#### Exercise directions
Once the line containing "Lauren Ralph Lauren" is found, copy that line and all remaining lines of the records exactly, including the last one, and add nothing.

#### Data entries
---
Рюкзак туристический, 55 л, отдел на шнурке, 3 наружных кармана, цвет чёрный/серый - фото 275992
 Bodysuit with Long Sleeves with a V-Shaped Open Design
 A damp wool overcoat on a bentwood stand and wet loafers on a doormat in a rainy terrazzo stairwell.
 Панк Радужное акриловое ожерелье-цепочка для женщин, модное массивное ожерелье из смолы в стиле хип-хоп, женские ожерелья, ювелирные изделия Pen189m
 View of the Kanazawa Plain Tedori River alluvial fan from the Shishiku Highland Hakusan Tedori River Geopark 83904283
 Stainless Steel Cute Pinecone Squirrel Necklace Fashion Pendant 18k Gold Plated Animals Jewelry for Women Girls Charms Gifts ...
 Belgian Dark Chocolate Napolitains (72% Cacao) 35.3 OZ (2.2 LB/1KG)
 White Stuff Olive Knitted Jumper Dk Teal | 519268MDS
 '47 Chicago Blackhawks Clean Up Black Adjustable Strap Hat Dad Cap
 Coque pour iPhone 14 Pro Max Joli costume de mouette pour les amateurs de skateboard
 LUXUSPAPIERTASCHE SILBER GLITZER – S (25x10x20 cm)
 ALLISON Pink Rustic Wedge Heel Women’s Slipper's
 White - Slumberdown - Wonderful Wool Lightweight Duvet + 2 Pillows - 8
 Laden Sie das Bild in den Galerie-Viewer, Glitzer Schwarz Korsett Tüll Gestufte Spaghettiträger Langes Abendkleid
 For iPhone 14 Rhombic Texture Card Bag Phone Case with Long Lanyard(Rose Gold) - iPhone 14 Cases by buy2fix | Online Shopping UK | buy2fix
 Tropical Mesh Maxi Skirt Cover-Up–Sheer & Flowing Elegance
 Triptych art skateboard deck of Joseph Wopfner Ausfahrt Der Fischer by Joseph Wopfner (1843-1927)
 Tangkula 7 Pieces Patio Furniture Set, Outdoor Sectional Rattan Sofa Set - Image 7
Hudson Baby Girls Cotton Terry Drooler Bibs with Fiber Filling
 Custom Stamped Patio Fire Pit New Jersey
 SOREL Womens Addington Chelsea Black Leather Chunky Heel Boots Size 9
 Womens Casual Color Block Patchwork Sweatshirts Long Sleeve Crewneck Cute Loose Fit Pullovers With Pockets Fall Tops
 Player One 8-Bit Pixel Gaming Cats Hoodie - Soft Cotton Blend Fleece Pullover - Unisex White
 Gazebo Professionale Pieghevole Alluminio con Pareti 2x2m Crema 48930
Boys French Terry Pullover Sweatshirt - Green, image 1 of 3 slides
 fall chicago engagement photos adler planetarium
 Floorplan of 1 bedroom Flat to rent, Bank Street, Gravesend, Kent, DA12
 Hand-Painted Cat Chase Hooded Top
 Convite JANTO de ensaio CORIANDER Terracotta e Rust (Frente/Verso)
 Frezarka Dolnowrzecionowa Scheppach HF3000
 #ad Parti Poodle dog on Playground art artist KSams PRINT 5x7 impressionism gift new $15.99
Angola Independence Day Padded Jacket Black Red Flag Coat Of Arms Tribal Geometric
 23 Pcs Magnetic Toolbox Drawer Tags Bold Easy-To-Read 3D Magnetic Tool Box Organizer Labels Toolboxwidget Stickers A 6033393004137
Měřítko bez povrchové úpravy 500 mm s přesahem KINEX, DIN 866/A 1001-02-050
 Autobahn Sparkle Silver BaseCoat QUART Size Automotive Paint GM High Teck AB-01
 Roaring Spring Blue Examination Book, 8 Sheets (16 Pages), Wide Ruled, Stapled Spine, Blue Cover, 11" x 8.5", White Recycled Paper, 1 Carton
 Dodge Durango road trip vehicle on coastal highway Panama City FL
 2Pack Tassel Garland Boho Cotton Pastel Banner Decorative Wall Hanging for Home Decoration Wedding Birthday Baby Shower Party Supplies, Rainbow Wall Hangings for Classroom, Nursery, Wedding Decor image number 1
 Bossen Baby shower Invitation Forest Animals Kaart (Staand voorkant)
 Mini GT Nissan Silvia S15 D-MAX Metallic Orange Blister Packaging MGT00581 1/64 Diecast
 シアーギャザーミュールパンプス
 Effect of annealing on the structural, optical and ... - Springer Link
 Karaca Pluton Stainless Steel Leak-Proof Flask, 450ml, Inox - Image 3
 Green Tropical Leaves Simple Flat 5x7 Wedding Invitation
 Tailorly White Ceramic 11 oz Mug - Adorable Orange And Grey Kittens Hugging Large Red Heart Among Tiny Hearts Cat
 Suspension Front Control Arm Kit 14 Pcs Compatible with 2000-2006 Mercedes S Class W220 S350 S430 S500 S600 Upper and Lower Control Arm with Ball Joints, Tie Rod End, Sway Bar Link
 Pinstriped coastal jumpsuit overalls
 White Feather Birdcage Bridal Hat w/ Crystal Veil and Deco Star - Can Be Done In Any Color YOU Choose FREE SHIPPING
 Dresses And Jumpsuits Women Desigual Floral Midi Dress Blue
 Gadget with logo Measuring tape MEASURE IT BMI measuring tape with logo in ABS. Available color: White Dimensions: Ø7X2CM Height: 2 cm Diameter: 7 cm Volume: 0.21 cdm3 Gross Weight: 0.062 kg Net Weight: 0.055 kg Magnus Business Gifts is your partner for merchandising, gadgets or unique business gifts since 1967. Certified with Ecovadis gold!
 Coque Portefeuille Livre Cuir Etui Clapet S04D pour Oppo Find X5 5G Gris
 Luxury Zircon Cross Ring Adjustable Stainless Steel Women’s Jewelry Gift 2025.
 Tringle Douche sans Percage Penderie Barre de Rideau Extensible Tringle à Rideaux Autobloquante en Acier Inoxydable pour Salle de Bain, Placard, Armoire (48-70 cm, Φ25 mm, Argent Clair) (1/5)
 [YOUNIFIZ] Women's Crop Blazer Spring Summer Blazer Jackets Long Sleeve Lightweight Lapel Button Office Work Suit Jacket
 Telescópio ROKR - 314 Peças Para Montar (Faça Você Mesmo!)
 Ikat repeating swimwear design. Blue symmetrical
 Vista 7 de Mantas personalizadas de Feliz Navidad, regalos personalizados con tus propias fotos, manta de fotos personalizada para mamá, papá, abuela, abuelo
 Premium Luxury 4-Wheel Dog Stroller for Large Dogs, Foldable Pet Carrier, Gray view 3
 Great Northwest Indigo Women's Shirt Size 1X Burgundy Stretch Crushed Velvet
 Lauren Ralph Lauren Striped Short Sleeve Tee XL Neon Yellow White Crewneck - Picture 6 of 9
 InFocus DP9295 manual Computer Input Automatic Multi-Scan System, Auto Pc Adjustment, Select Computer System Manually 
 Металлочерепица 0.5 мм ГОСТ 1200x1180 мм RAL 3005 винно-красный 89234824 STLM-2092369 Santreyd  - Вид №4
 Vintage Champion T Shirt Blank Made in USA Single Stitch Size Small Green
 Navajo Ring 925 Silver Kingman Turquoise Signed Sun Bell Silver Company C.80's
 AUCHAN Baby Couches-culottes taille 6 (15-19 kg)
---
#### Output of the exercise
 Lauren Ralph Lauren Striped Short Sleeve Tee XL Neon Yellow White Crewneck - Picture 6 of 9
 InFocus DP9295 manual Computer Input Automatic Multi-Scan System, Auto Pc Adjustment, Select Computer System Manually 
 Металлочерепица 0.5 мм ГОСТ 1200x1180 мм RAL 3005 винно-красный 89234824 STLM-2092369 Santreyd  - Вид №4
 Vintage Champion T Shirt Blank Made in USA Single Stitch Size Small Green
 Navajo Ring 925 Silver Kingman Turquoise Signed Sun Bell Silver Company C.80's
 AUCHAN Baby Couches-culottes taille 6 (15-19 kg)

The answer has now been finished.